Despite Peruvian President Ollanta Humala's campaign promise to decriminalize press crimes, the number of jail and probation sentences against journalists continue to rise in the Andean nation, Reporters Without Borders (RSF in French) claimed on Jan. 5.

With more than 25 cases against journalists in 2011, the National Association of Peruvian Journalists (ANP in Spanish) released a statement affirming that the judicial system has become a mechanism for public servants to intimidate and silence independent journalists. In light of these cases, RSF has joined ANP to call for the decriminalization of press crimes in Peru.

In 2011, three Peruvian journalists were killed and a radio host was jailed for six months on a defamation charge.

The Knight Center's blog Journalism in the Americas has also reported on the prison sentences against columnist Luis Torres Montero, blogger José Alejandro Godoy, journalists Fritz Du Bois and Gressler Ojeda, as well as Hans Francisco Andrade Chávez.

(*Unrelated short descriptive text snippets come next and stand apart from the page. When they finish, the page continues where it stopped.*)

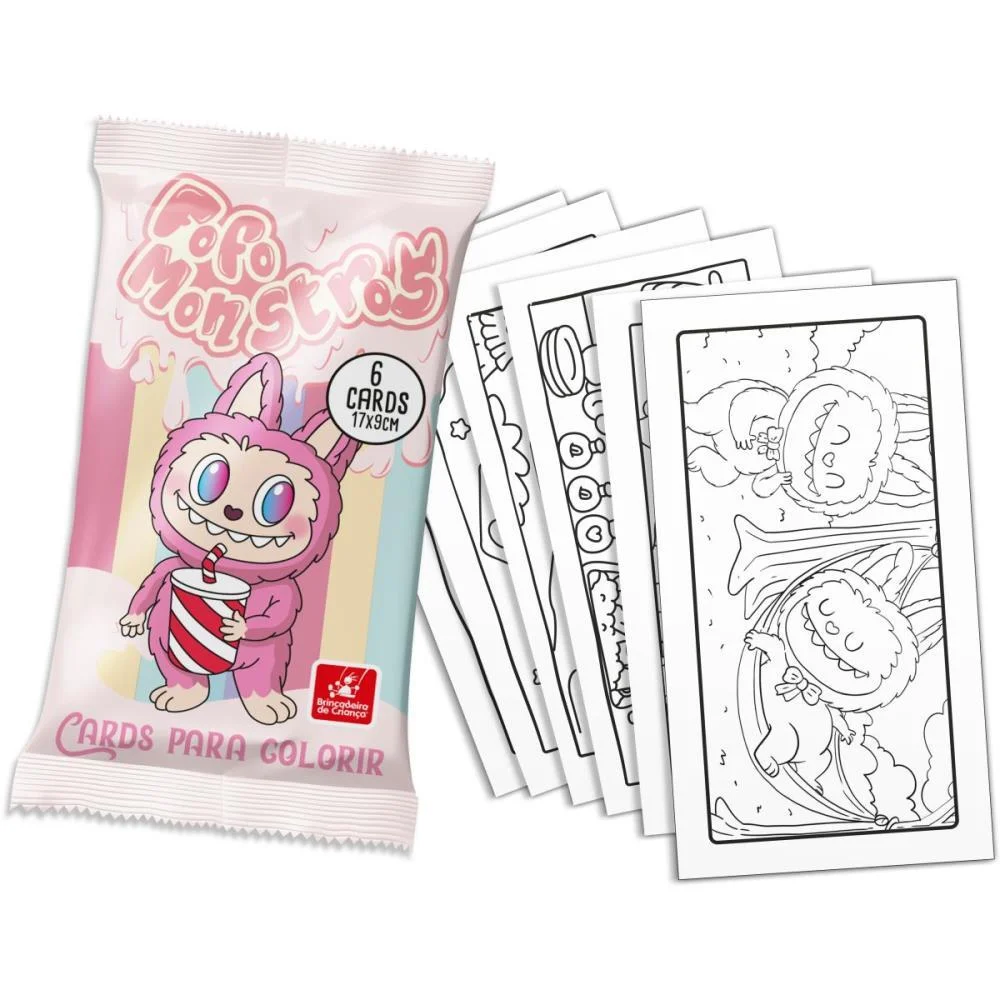 CARD DE COLORIR FOFO MONSTROS COM 6UN BRINC. DE CRIANCA (UNIDADE) - imagem 6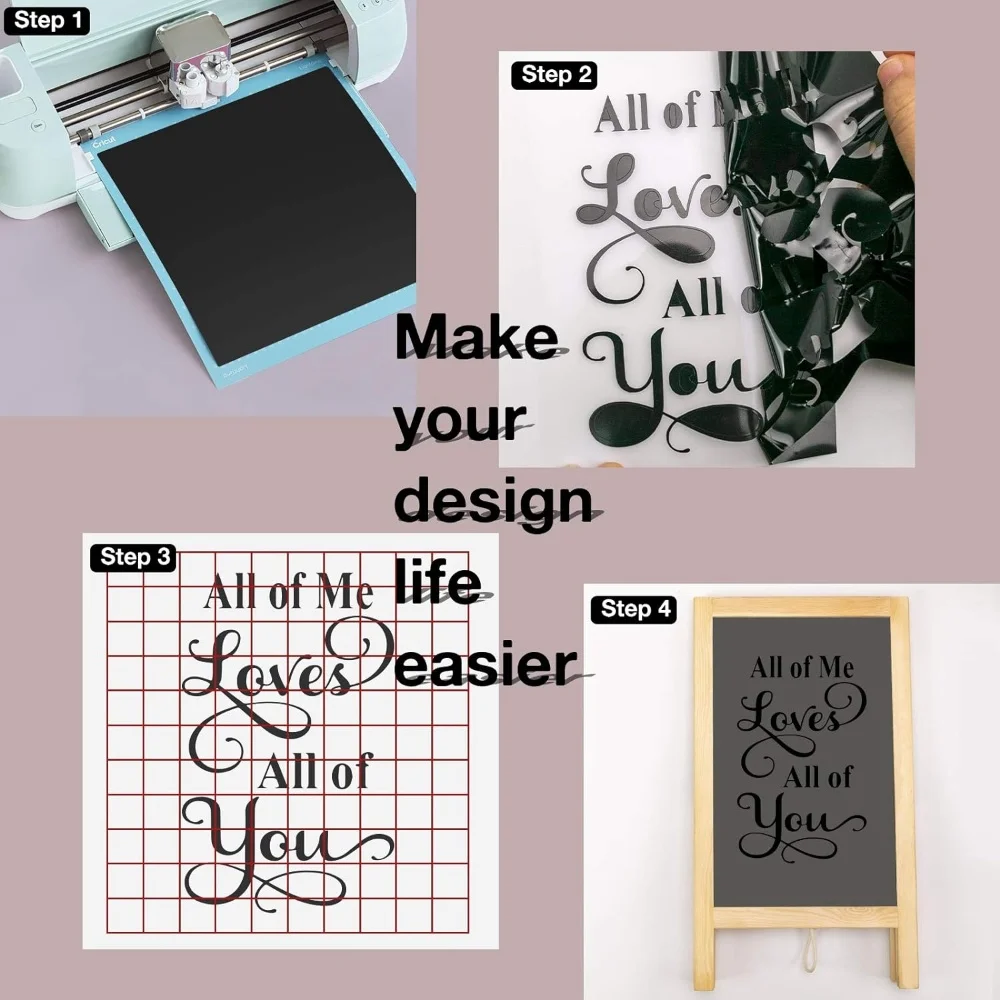 3 pcs/4 pcs 12x12in ไวนิลหลากหลายตัดสําหรับ Cricut Maker 3/ Maker/สํารวจ 3, กาวตัดสําหรับทําโครงการ DIY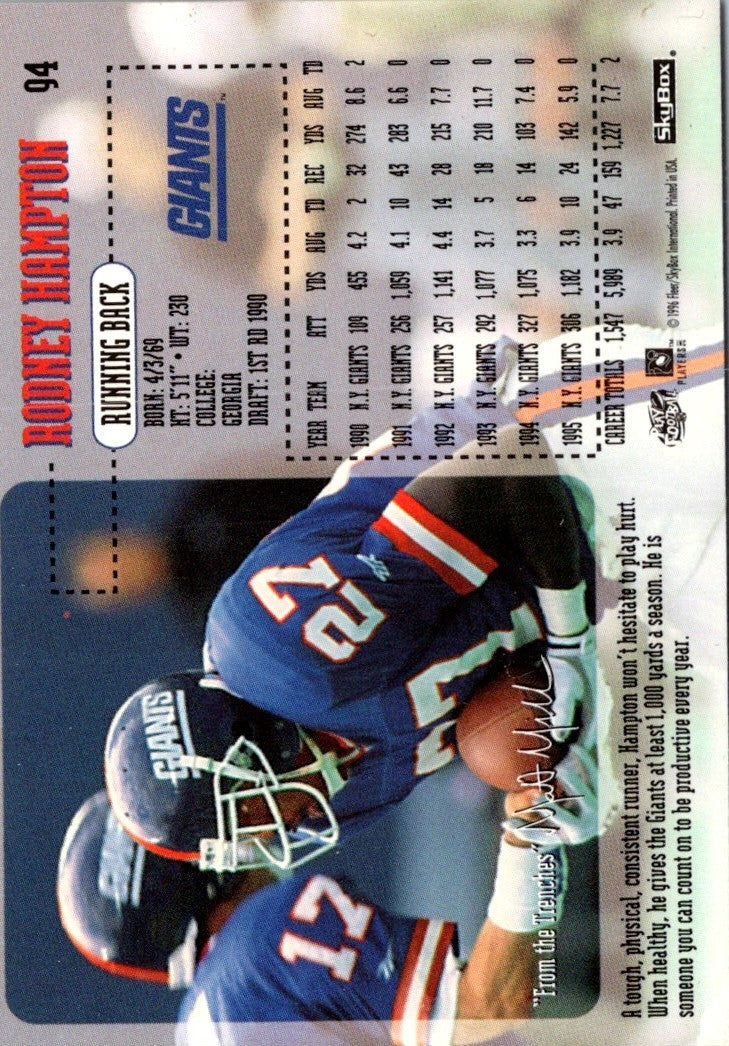 1996 SkyBox Impact Rodney Hampton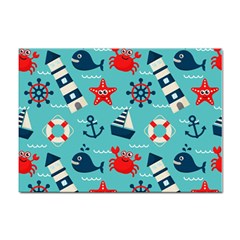 Seamless Pattern Nautical Icons Cartoon Style Sticker A4 (100 Pack) by Hannah976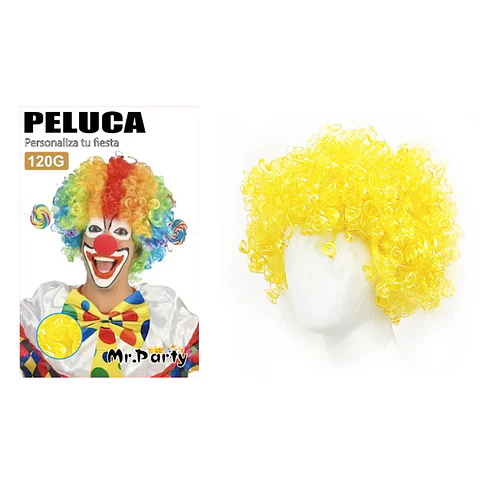 Peluca corta afro amarillo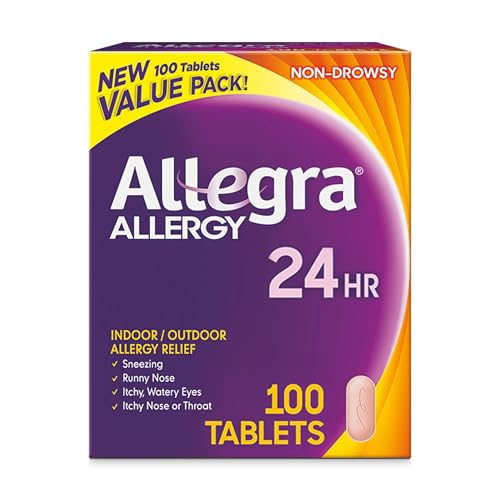 Allegra 24HR Adult Non-Drowsy Antihistamine Tablets 100-Count 180mg - 24-Hour Allergy Relief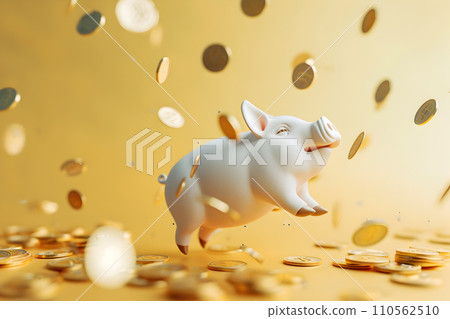AI-generated content. Crypto currency concept - white pig shaped moneybox flying with bitcoins 110562510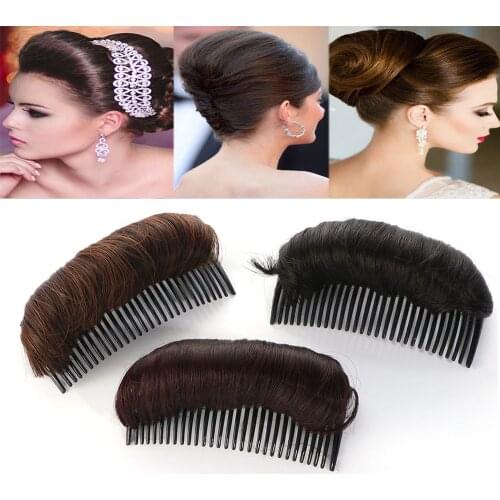 False Hair Clip In Black Brown Natural Hair Extension Hair Bun Princess Styling Tools Hair Pad Hairpin Styling Accessories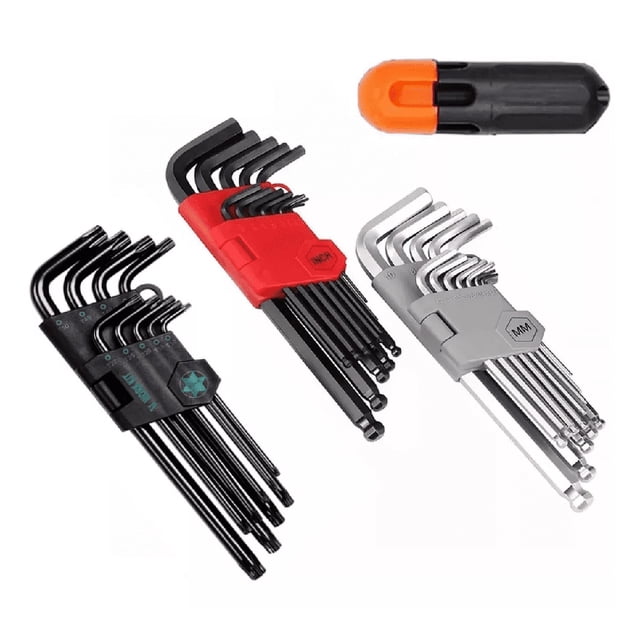 36pcs Juego De Llaves Allen Pulgadas Y Métricas plata negro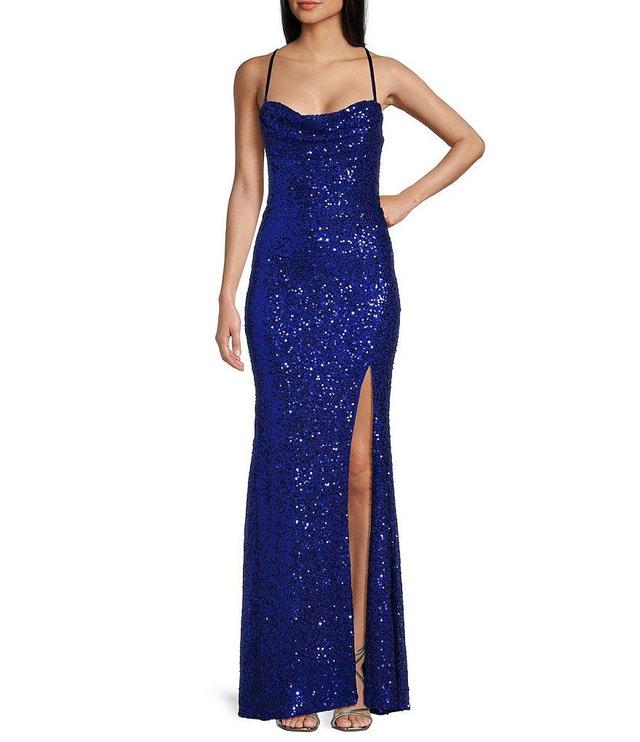 B. Darlin Sequin Cowl Neck Cross Back Side Slit Long Dress Product Image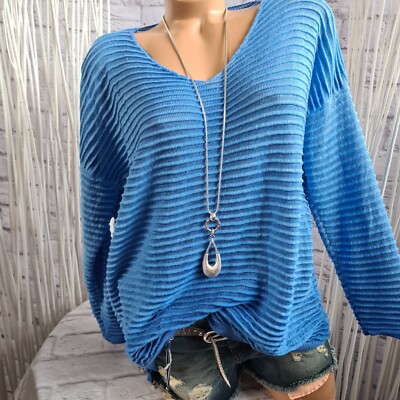 Pullover Pulli Made in Italy blau 3/4 Ärmel Damen 40 bis 44 (9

Currently, Gastón Darío Medina Sotomayor, reporter for Cadena Sur TV-Canal 15 and Radio Nova FM in the city of Ica, is waiting on an appeal decision on Monday, Jan. 9, which will determine whether or not his sentence of three years in prison and $3,700 fine will stand, reported RSF. The reporter was accused of calling a local representative a "turncoat," a phrase used to describe Congressmen who took payments to abandon their political parties for former-President Alberto Fujimori's Peru 2000 party.

In the most recent case to date, the director of the biweekly publication Quincenario Marco Regional Nuevo Confidencial, in the northern province of Chiclayo, was sentenced to a one year suspended prison sentence and a $3,700 fine on Jan. 3, for publishing complaints from students of a scam at a private university, reported RSF.

Director of Ribereña Noticias, Teobaldo Meléndez Fachín, received a three-year conditional prison sentence for defamation after denouncing a bank fraud scheme that implicated the mayor of Yurimaguas, reported Huaral Noticias. If the journalist is unable to pay the $11,000 fine, the prison sentence would come into effect, reported RSF.